__WHAT TO WORK ON__
Return exactly the lines of the entries that start at the line containing "MP3-плеер Fanvace 96" and continue to the last line. Omit the pictures.

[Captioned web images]
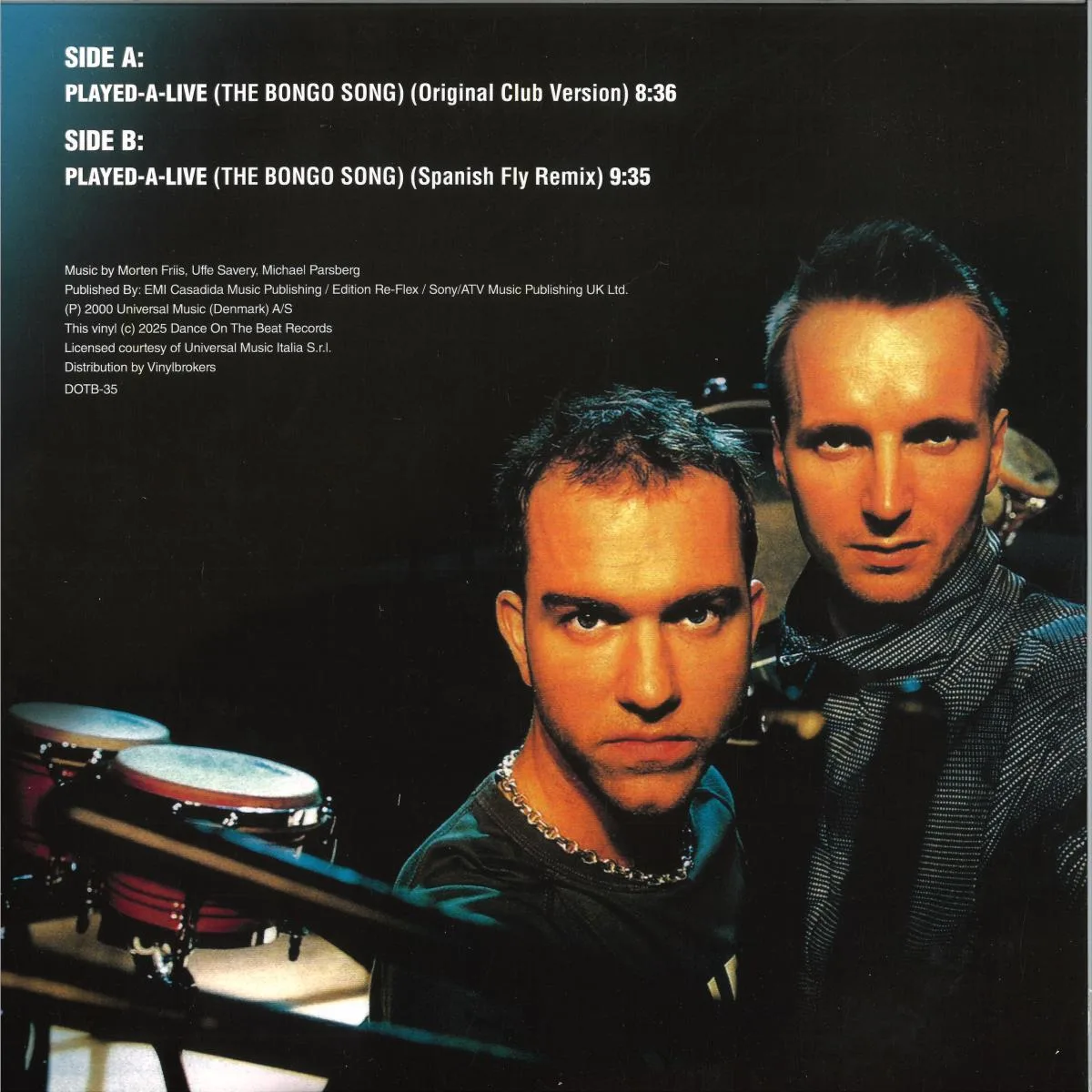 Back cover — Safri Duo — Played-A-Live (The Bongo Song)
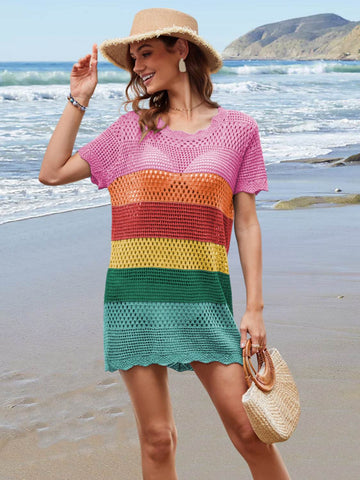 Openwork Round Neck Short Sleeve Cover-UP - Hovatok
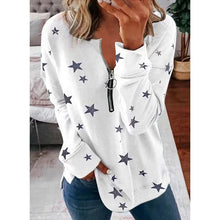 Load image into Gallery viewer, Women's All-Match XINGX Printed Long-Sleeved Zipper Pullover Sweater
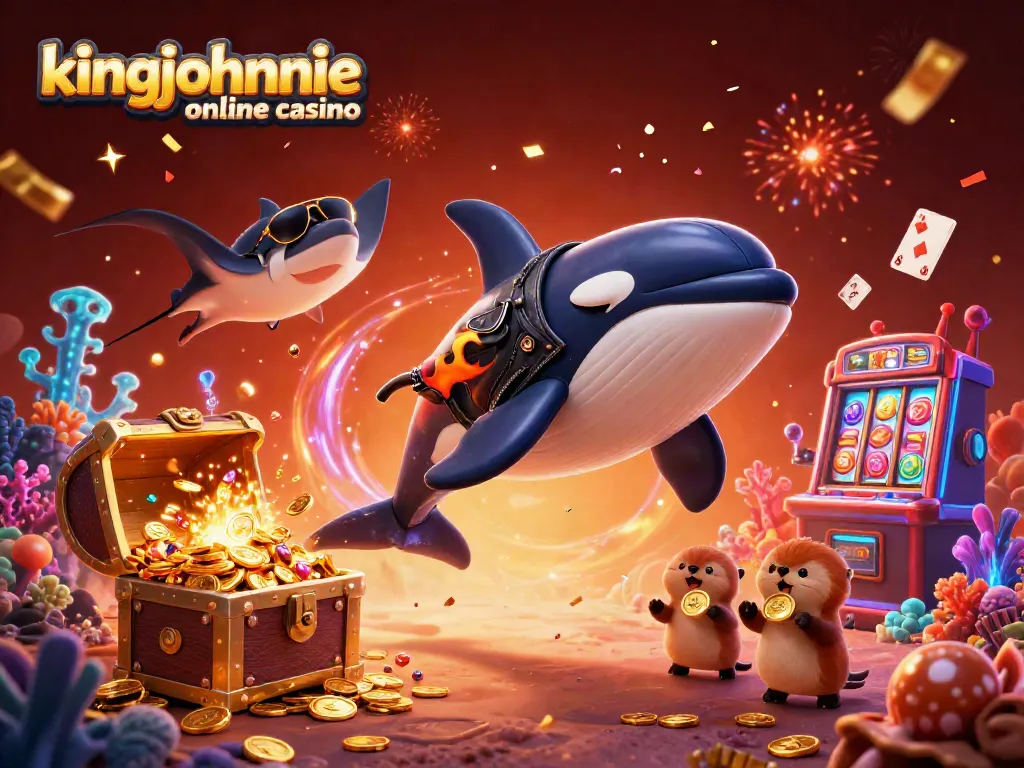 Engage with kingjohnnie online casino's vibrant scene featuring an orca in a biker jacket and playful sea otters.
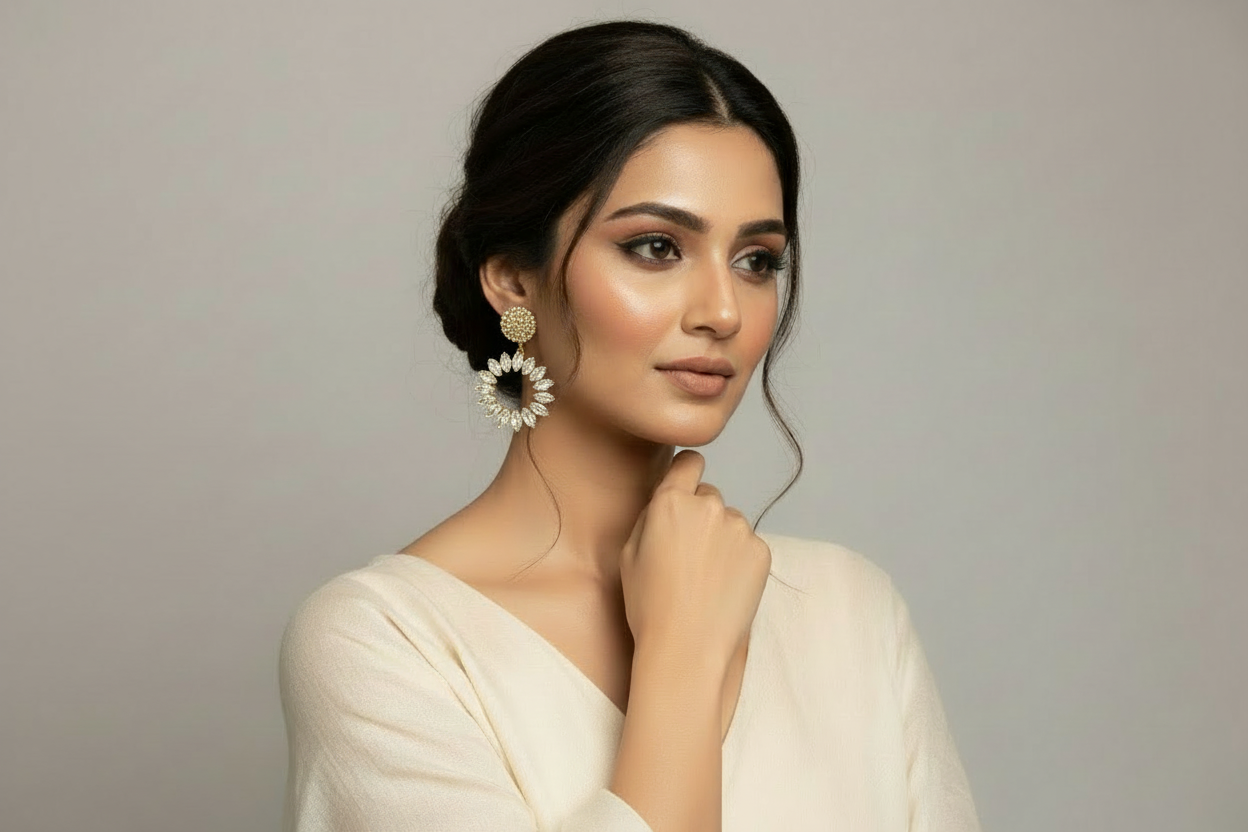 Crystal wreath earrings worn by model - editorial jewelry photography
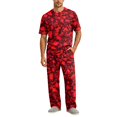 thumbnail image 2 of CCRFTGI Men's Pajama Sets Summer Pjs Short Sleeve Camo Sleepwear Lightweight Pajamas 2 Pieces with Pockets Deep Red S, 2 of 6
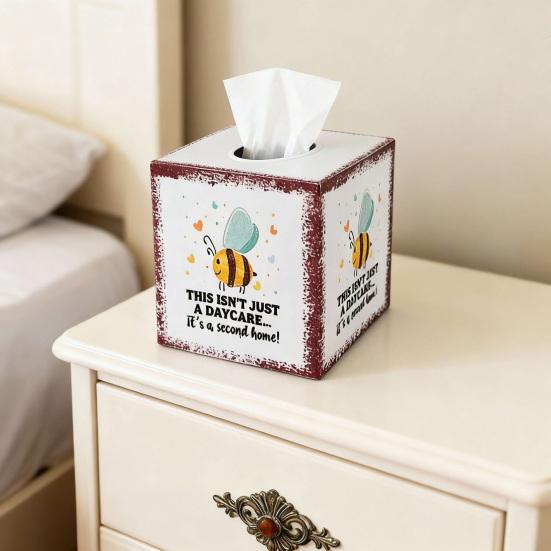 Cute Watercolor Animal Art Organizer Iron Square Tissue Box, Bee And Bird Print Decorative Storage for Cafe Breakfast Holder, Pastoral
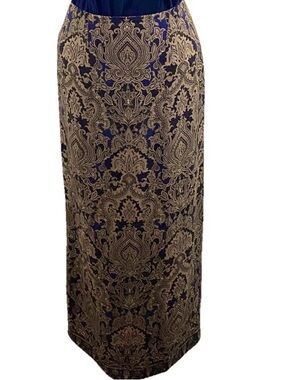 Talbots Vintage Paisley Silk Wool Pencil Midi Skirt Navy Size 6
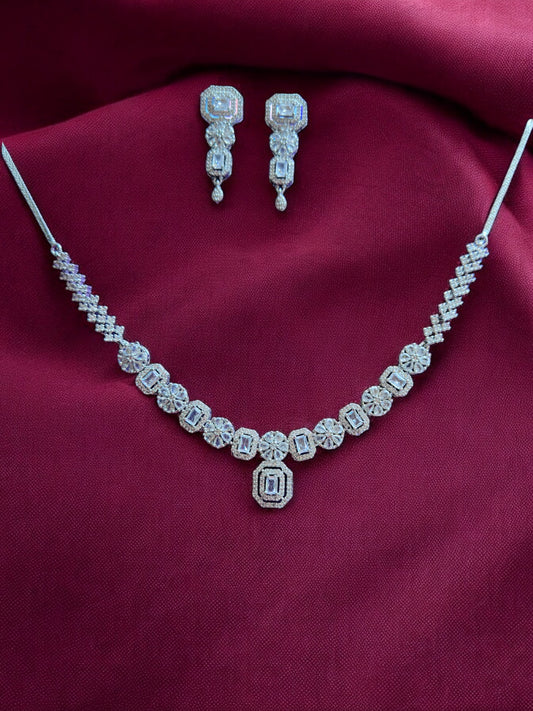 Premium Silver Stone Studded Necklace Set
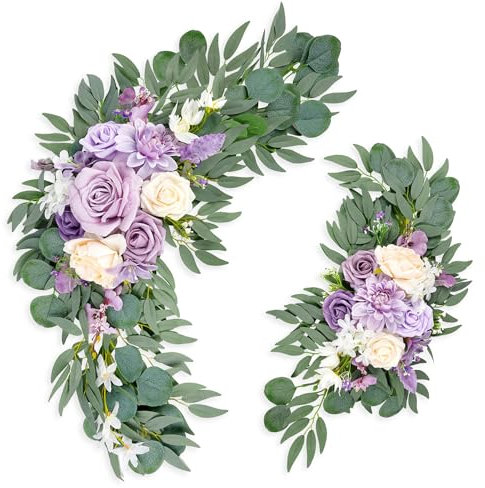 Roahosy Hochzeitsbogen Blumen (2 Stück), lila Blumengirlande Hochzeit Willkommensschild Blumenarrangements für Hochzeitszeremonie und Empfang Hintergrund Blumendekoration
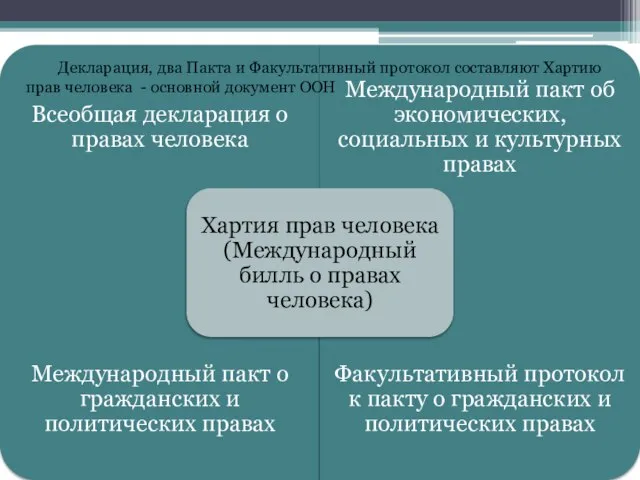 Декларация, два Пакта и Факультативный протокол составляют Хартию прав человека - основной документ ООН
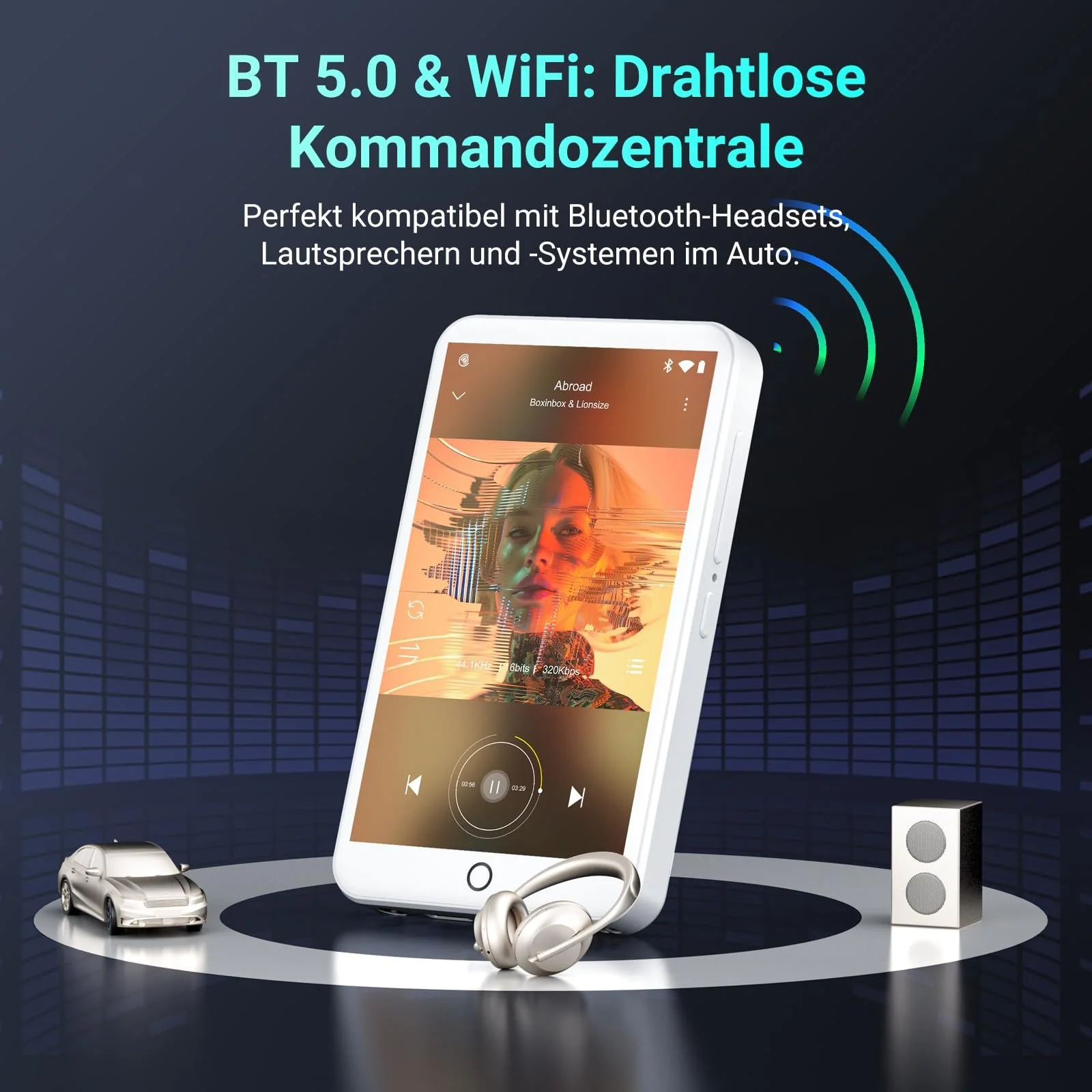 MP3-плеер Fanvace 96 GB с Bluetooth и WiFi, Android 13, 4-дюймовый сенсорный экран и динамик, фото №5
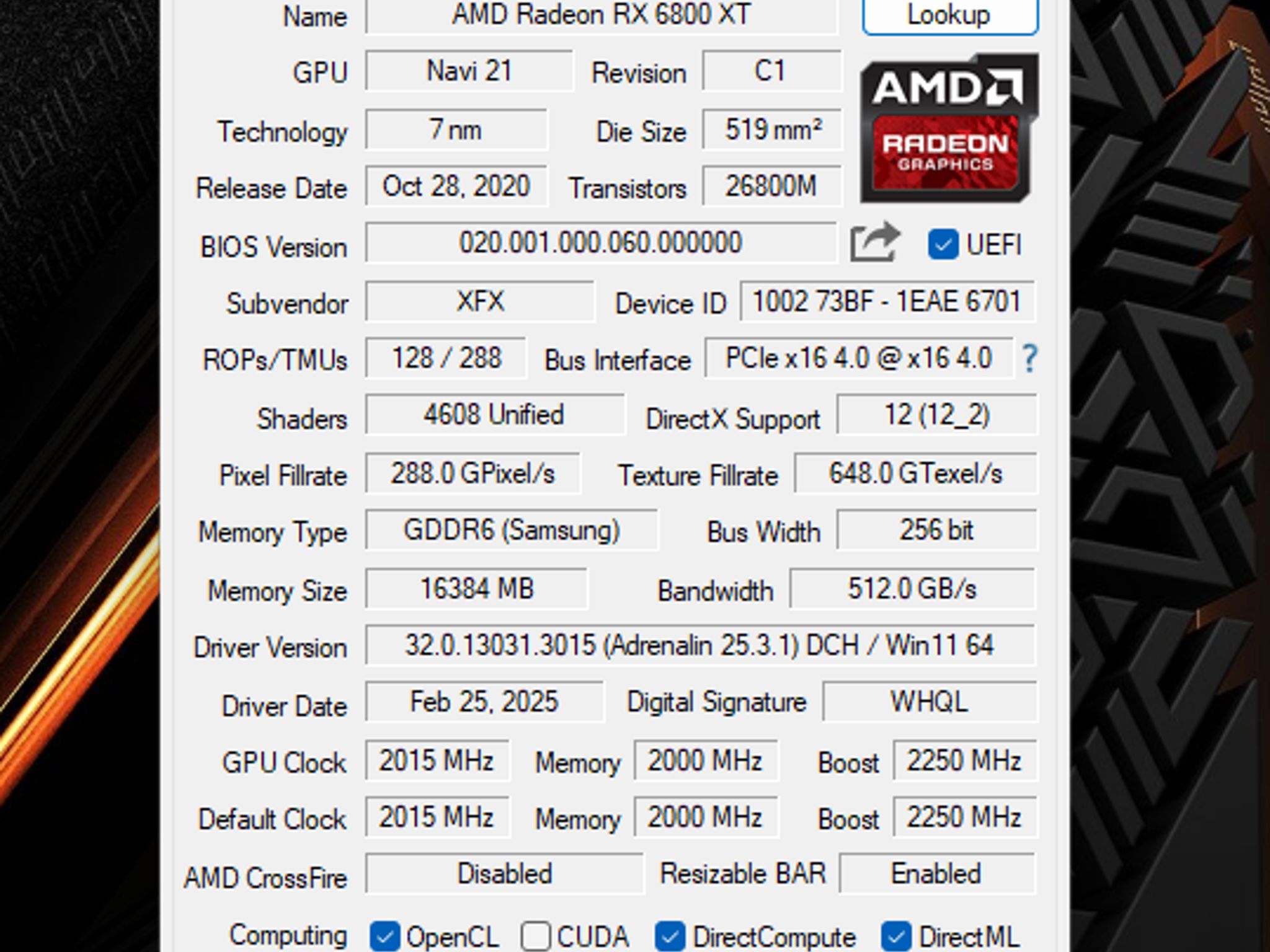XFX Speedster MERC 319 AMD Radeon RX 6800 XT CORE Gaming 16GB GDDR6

__OUTPUT FOR THIS TASK__
 MP3-плеер Fanvace 96 GB с Bluetooth и WiFi, Android 13, 4-дюймовый сенсорный экран и динамик, фото №5
XFX Speedster MERC 319 AMD Radeon RX 6800 XT CORE Gaming 16GB GDDR6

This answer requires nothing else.